## Exercise
Transcribe only what runs from the line containing "-修卜凡二手严选店·手机维修·回收租赁(川沙地铁站店)" through the final line below, exactly, and leave every picture out.

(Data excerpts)
------------------------------------------------------------

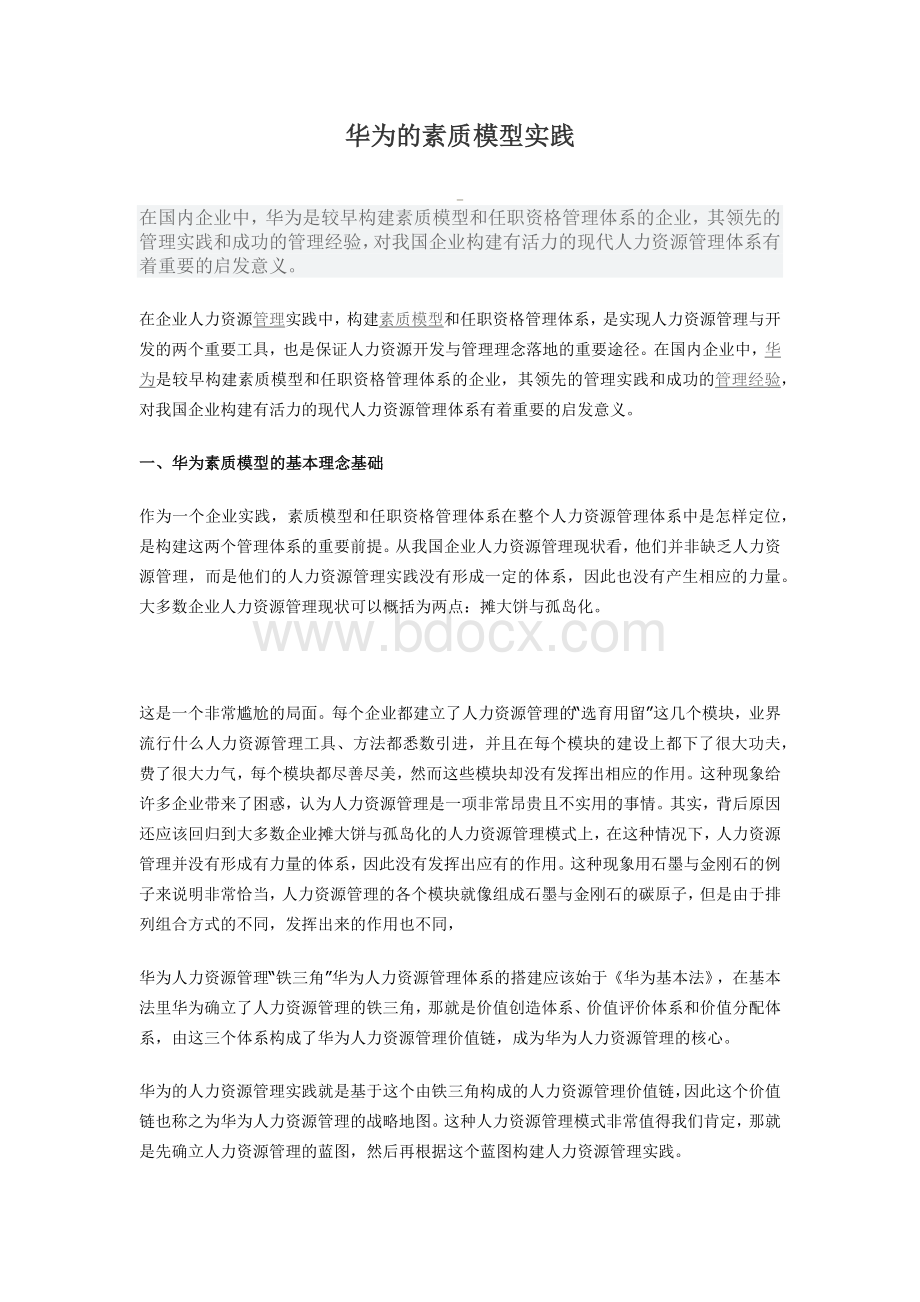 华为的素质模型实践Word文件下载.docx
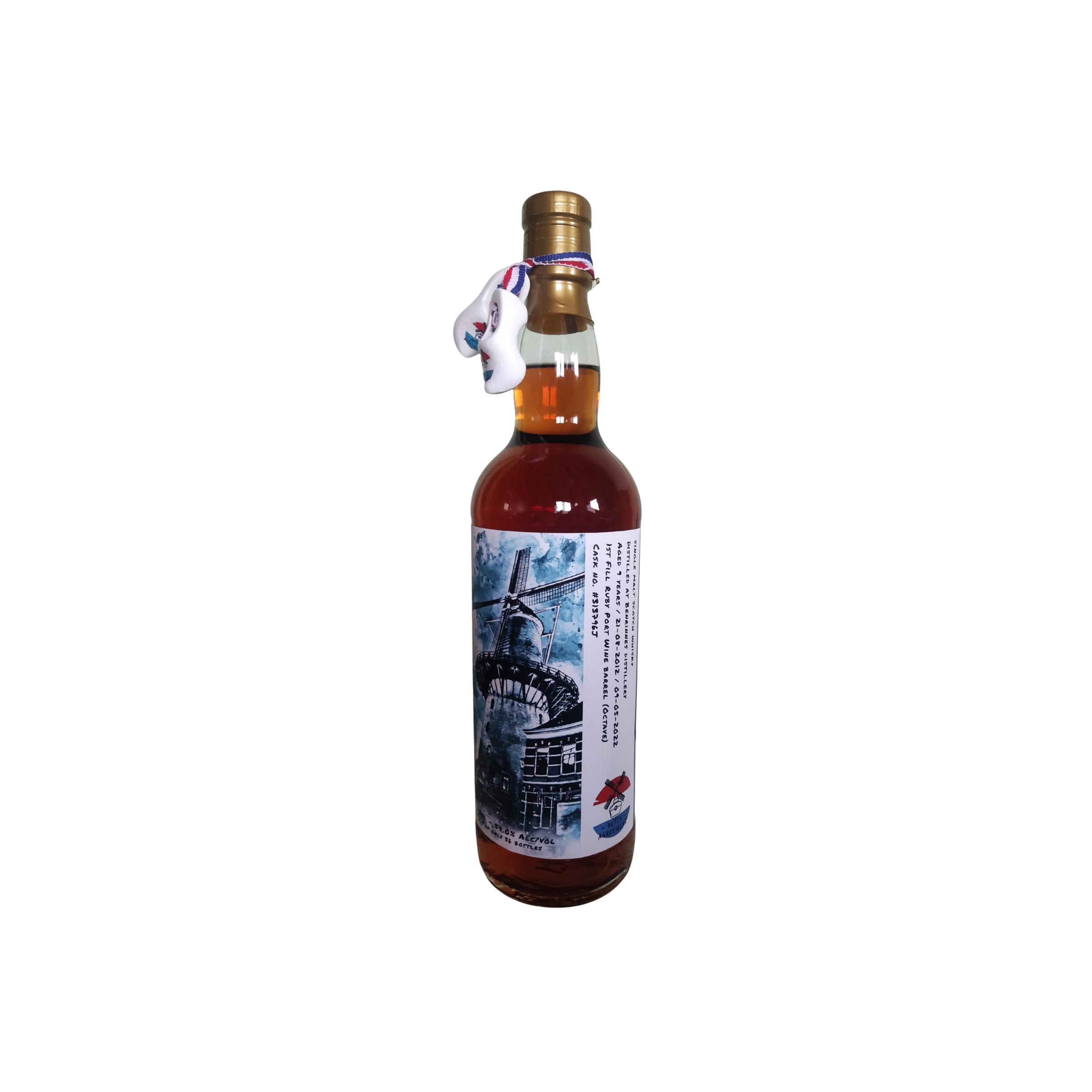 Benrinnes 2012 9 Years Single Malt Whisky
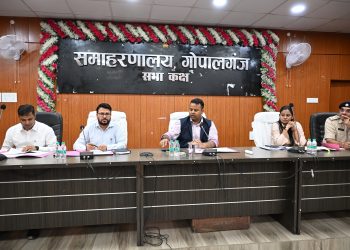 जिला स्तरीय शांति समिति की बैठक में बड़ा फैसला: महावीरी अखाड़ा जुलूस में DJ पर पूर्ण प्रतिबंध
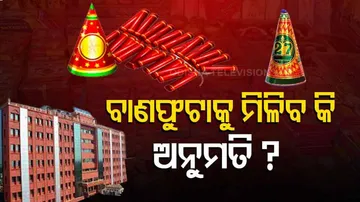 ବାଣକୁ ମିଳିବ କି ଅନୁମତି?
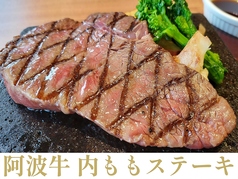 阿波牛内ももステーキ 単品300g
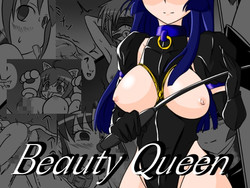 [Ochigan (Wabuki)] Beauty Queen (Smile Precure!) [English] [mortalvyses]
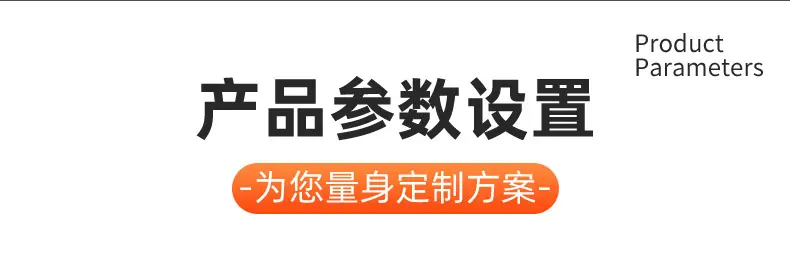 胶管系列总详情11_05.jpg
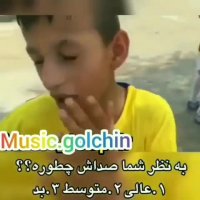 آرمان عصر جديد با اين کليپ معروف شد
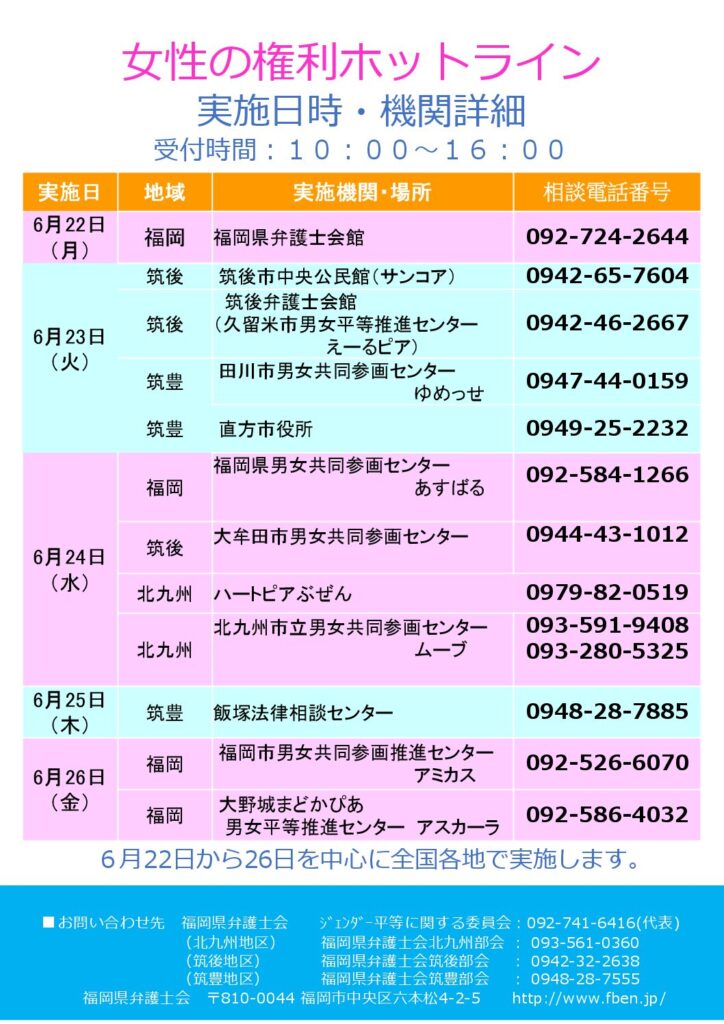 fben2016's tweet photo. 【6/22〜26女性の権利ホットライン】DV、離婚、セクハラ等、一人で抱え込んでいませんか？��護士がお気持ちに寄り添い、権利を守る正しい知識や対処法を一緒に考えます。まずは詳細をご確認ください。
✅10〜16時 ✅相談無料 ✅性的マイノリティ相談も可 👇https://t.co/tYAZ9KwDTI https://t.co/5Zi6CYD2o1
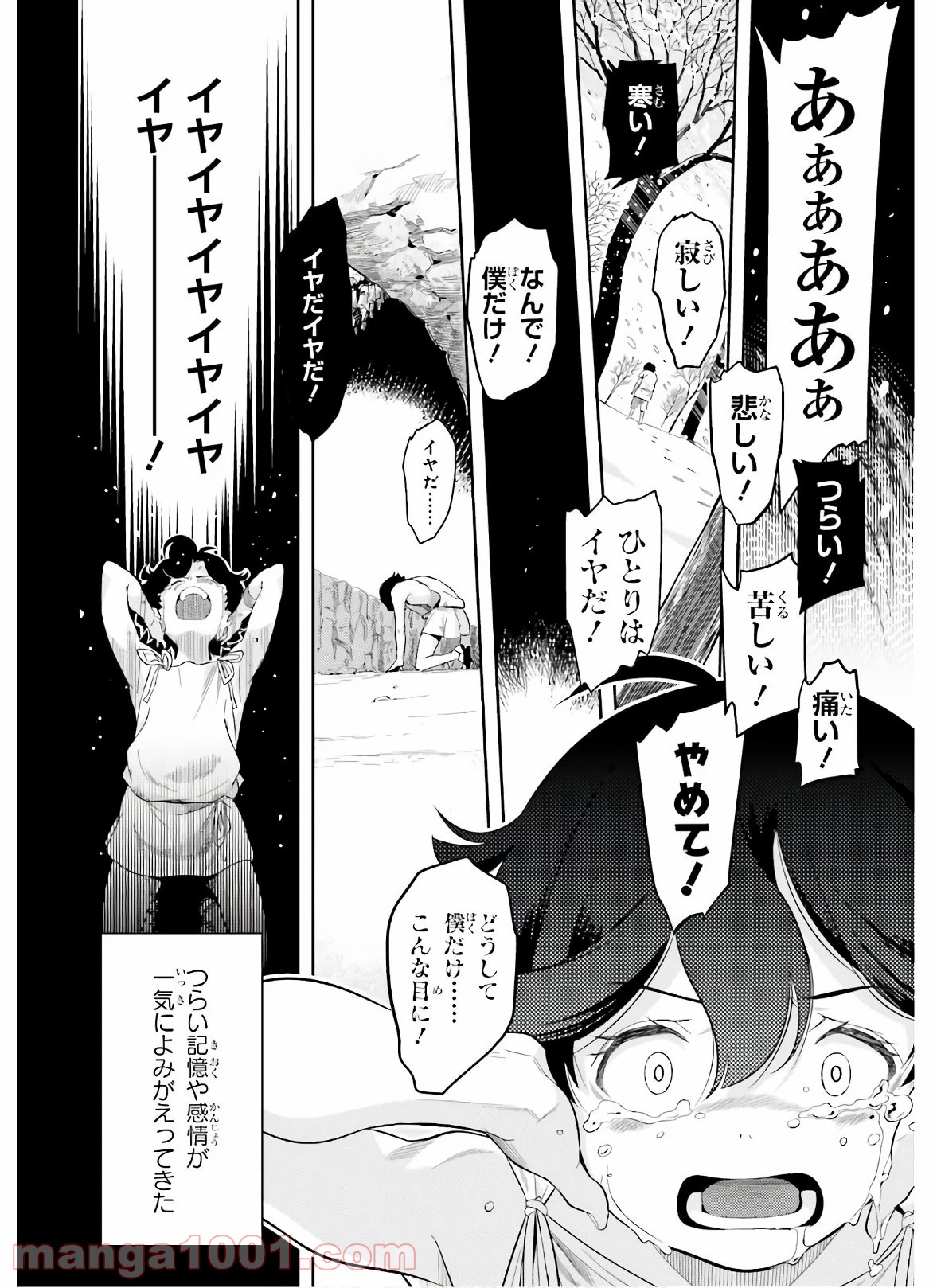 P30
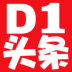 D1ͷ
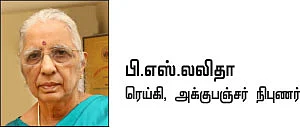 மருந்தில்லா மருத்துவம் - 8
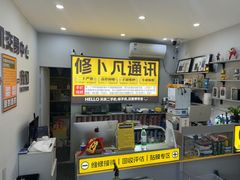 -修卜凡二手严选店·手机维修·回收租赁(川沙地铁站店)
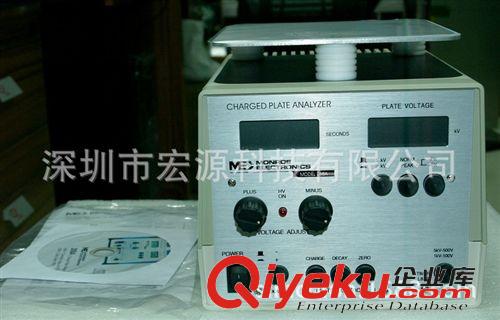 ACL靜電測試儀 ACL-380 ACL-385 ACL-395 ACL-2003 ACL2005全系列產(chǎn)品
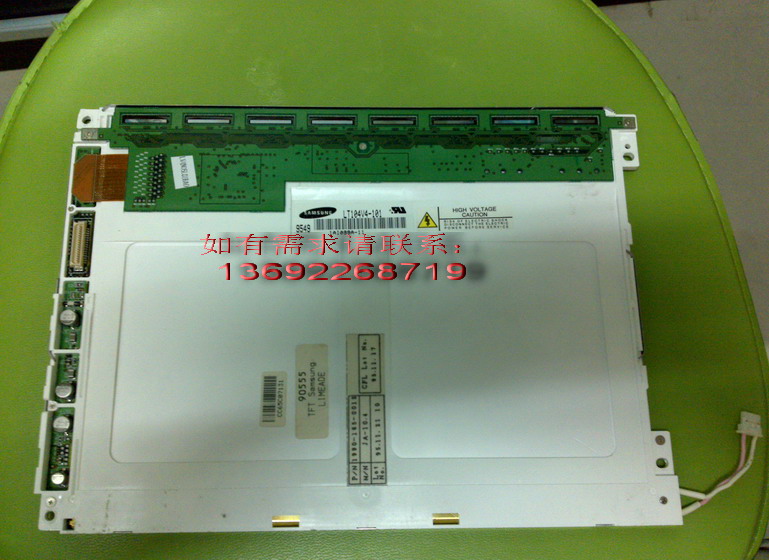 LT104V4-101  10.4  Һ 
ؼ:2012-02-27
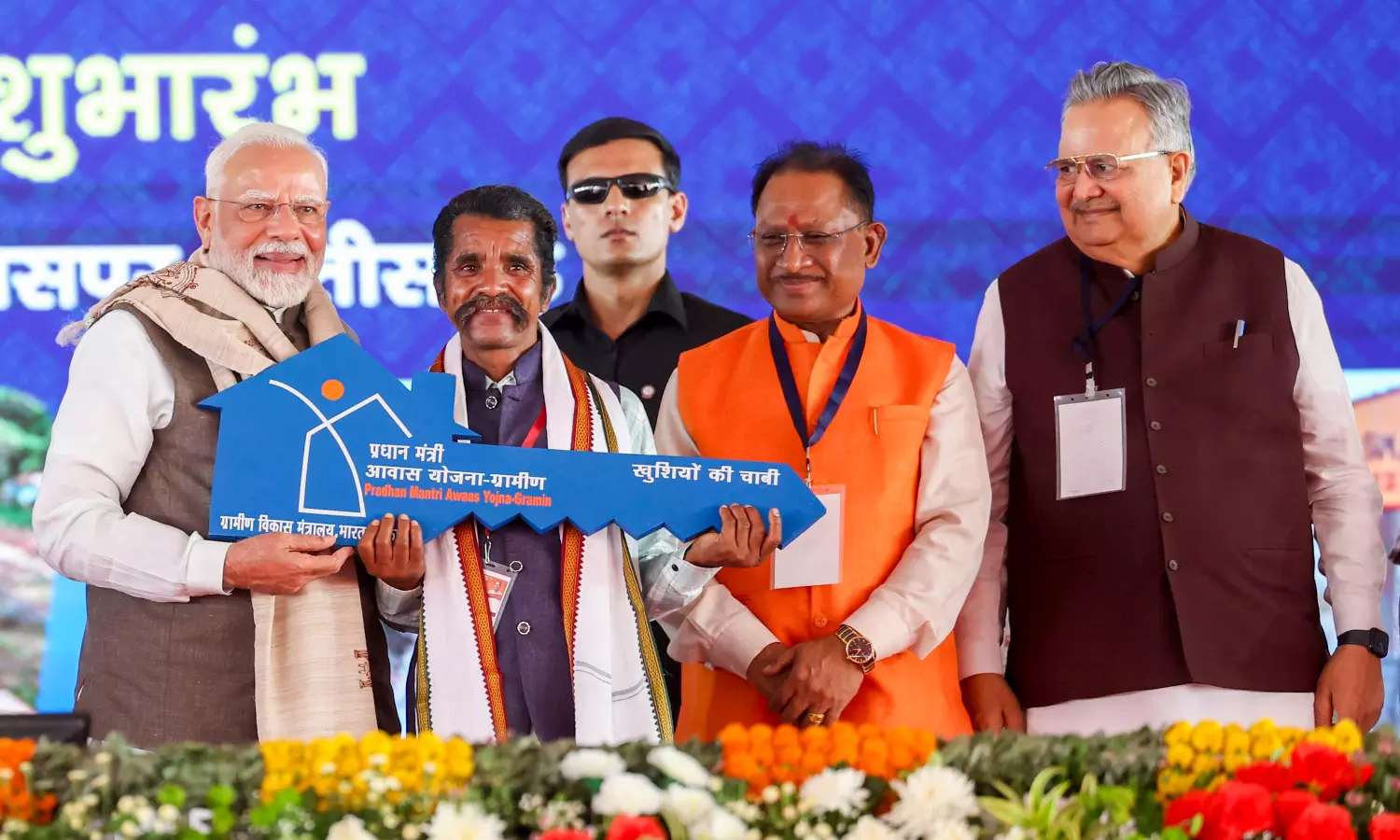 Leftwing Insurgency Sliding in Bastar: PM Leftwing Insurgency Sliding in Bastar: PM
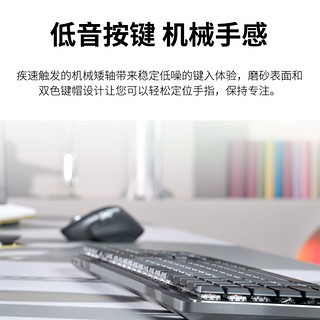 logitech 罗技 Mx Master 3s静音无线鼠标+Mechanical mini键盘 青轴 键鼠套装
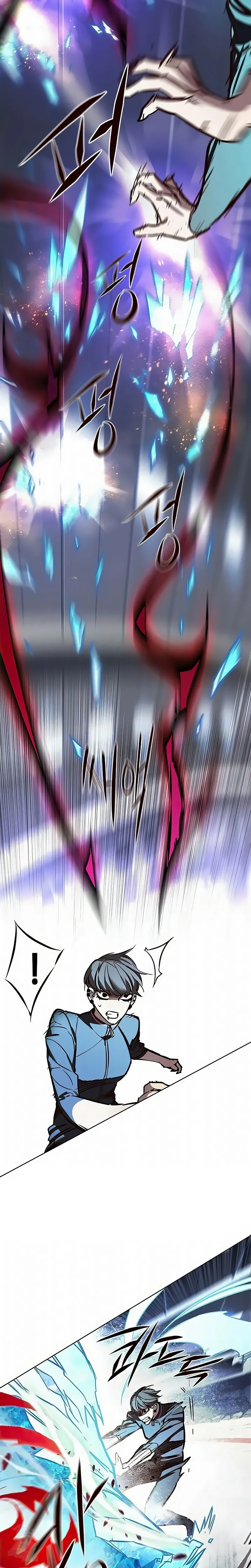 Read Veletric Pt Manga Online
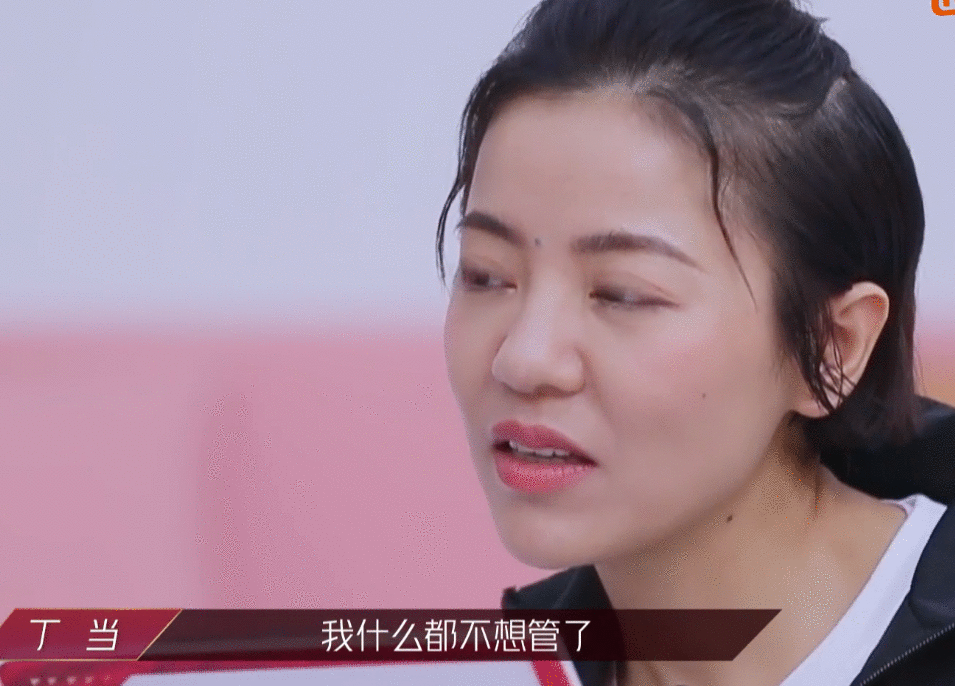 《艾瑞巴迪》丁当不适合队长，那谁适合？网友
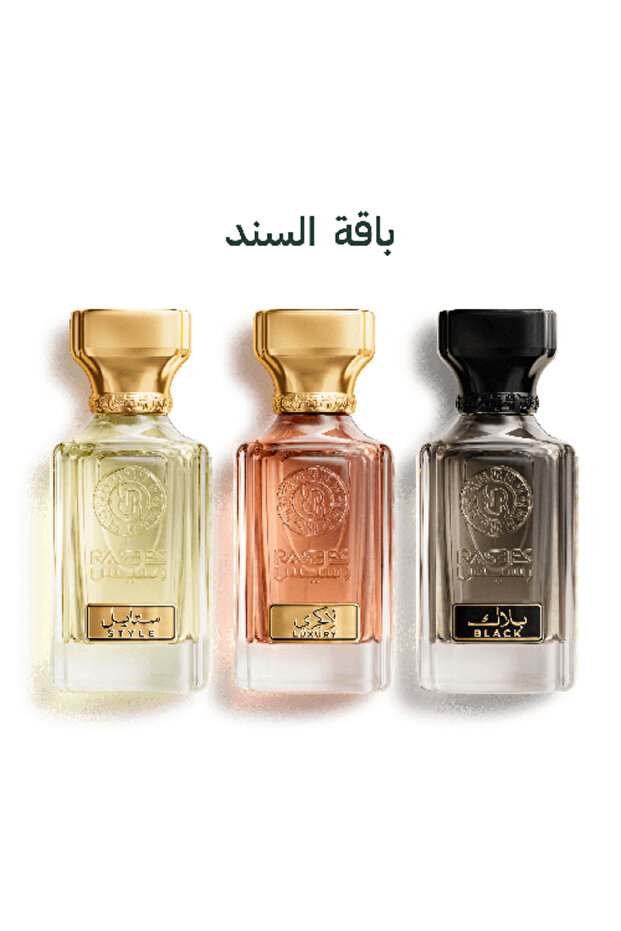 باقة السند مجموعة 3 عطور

------------------------------------------------------------

## Task output
 -修卜凡二手严选店·手机维修·回收租赁(川沙地铁站店)
 ACL靜電測試儀 ACL-380 ACL-385 ACL-395 ACL-2003 ACL2005全系列產(chǎn)品
 LT104V4-101  10.4  Һ 
ؼ:2012-02-27
 Leftwing Insurgency Sliding in Bastar: PM Leftwing Insurgency Sliding in Bastar: PM
 logitech 罗技 Mx Master 3s静音无线鼠标+Mechanical mini键盘 青轴 键鼠套装
 Read Veletric Pt Manga Online
 《艾瑞巴迪》丁当不适合队长，那谁适合？网友
 باقة السند مجموعة 3 عطور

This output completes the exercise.